I know this forum does not get a lot of traffic but from some previous post I know there are a few that will appreciate this. My uncle from upstate NY has been a die-hard hunter for over 65 year (since he was 12). He worked very hard his entire life and since retirement has decided he would fulfill some of his hunting dreams. In the past I have post pictures of his cape buffalo, elephant, leopard, etc. Well nearing 80 he was back in Africa and got a lion and a kudu he seemed very pleased with. If I am not mistaken the only other of the "big 5" he is missing is a rhino. I have no doubt this stubborn old man who is also the guy who got me involved with fishing and the outdoors more than 45 years ago will complete the big 5. In the mean time... Congratulations uncle Tony!


----------



## Snakecharmer (Apr 9, 2008)

Boy that lion is huge.
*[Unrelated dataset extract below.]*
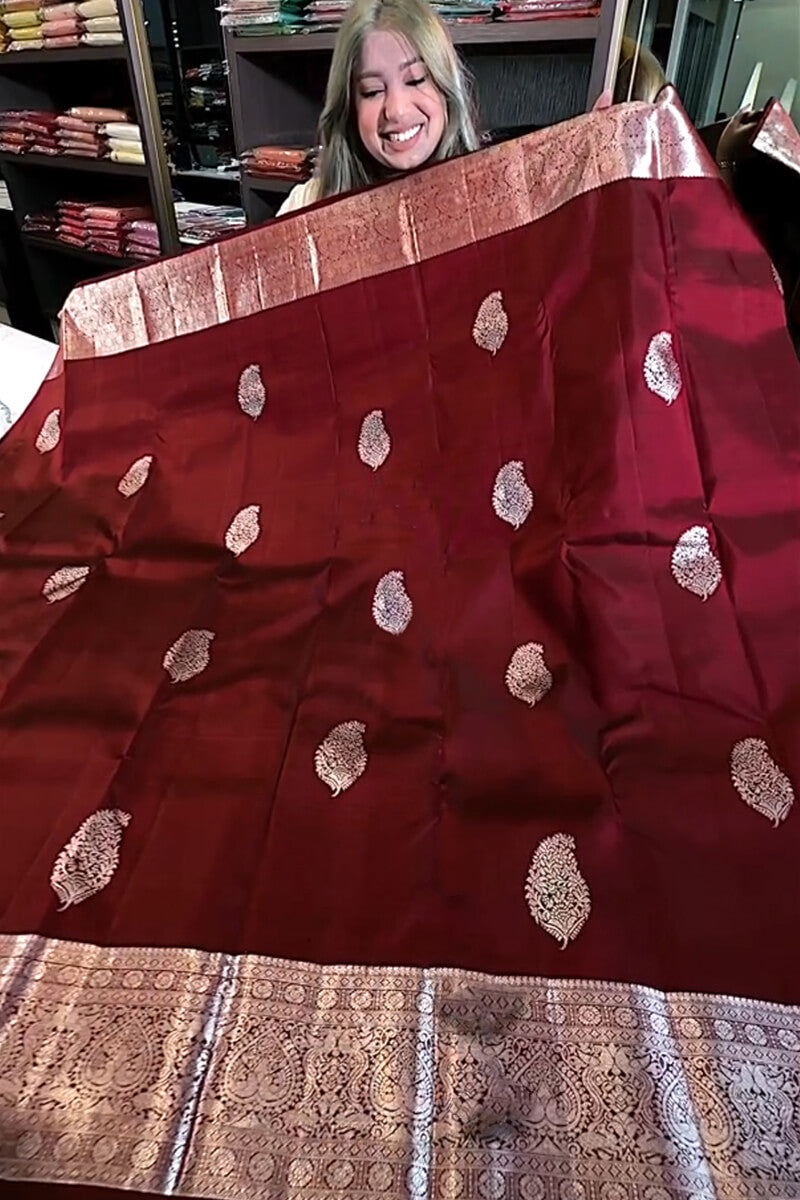 Delectable Wine Soft Banarasi Silk Saree With Transcendent Blouse Piece
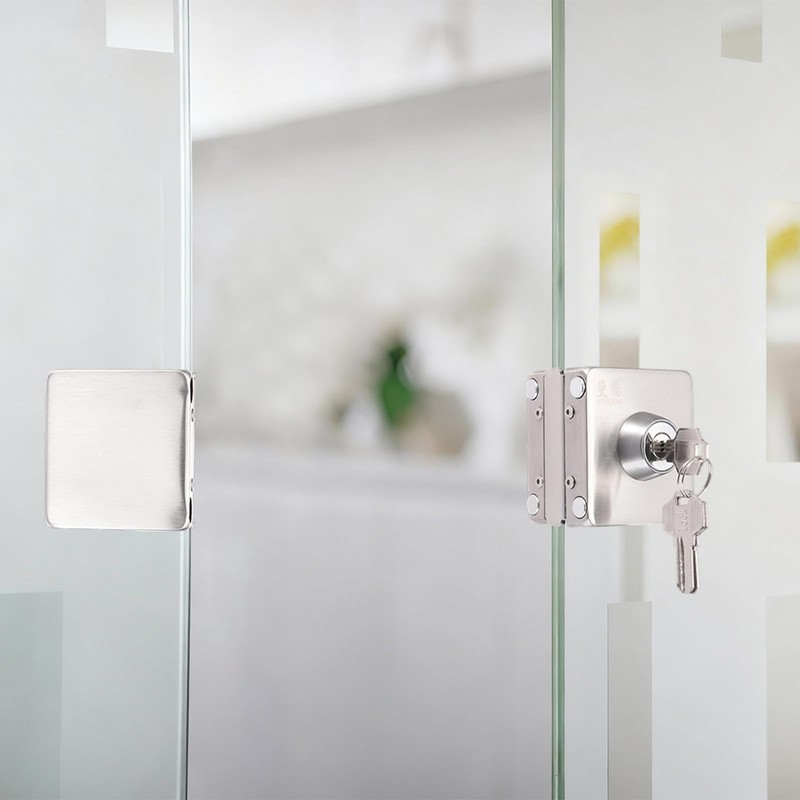 PATIKIL 304 Stainless Steel Frameless Glass Door Lock Double Opening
Congrats to your uncle!


----------



## ezbite (May 25, 2006)

what rifle and caliber did he use?


----------



## SConner (Mar 3, 2007)

ezbite said:


> what rifle and caliber did he use?


I will find out. I have not talked to him since returning from trip


----------



## half pole (Feb 10, 2014)

Nice. Congrats to him. Hope I can still hunt at that age.


----------



## M R DUCKS (Feb 20, 2010)

Thanks for sharing


----------



## SMBHooker (Jan 3, 2008)

That Kudu is a beautiful animal. And your Uncle a supreme hunter, good for him. . I wish him luck in finishing out his big 5 adventure.


----------



## Snyd (May 5, 2004)

Nice pic - thanks for sharing!


----------



## canoe carp killer (Apr 2, 2014)

Very nice!!


Sent from my iPhone using Ohub Campfire


----------



## I_Shock_Em (Jul 20, 2008)

Any idea where he was hunting? I plan on doing a plains game hunt in South Africa/Zimbabwe in the future


----------



## SConner (Mar 3, 2007)

I_Shock_Em said:


> Any idea where he was hunting? I plan on doing a plains game hunt in South Africa/Zimbabwe in the future


I still have not talked to him on this most recent hunt but in prior trips he has been to both S Africa and Zimbabwe. Are you looking for recommendations on guides & accomodations? If so, tell me what you goals are and I will get specifics to you.


----------



## Snyd (May 5, 2004)

My buddy belongs to safari international which books most of his hunts for him.


----------



## I_Shock_Em (Jul 20, 2008)

SConner said:


> I still have not talked to him on this most recent hunt but in prior trips he has been to both S Africa and Zimbabwe. Are you looking for recommendations on guides & accomodations? If so, tell me what you goals are and I will get specifics to you.


Thanks for the offer. I appreciate it. I have already decided that when I go, I will be going with Impala African Safaris. During my trip to South Africa last year (no hunting unfortunately), I sat next to the owner on our flight from the US to SA. Needless to say, we had 17 hours of great hunting conversation/stories. He gave me a pretty good offer that I would have a hard time refusing. Hopefully I can make it happen sooner than later.


----------



## SConner (Mar 3, 2007)

I_Shock_Em said:


> Thanks for the offer. I appreciate it. I have already decided that when I go, I will be going with Impala African Safaris. During my trip to South Africa last year (no hunting unfortunately), I sat next to the owner on our flight from the US to SA. Needless to say, we had 17 hours of great hunting conversation/stories. He gave me a pretty good offer that I would have a hard time refusing. Hopefully I can make it happen sooner than later.


Good luck, I hope it works out for you.


----------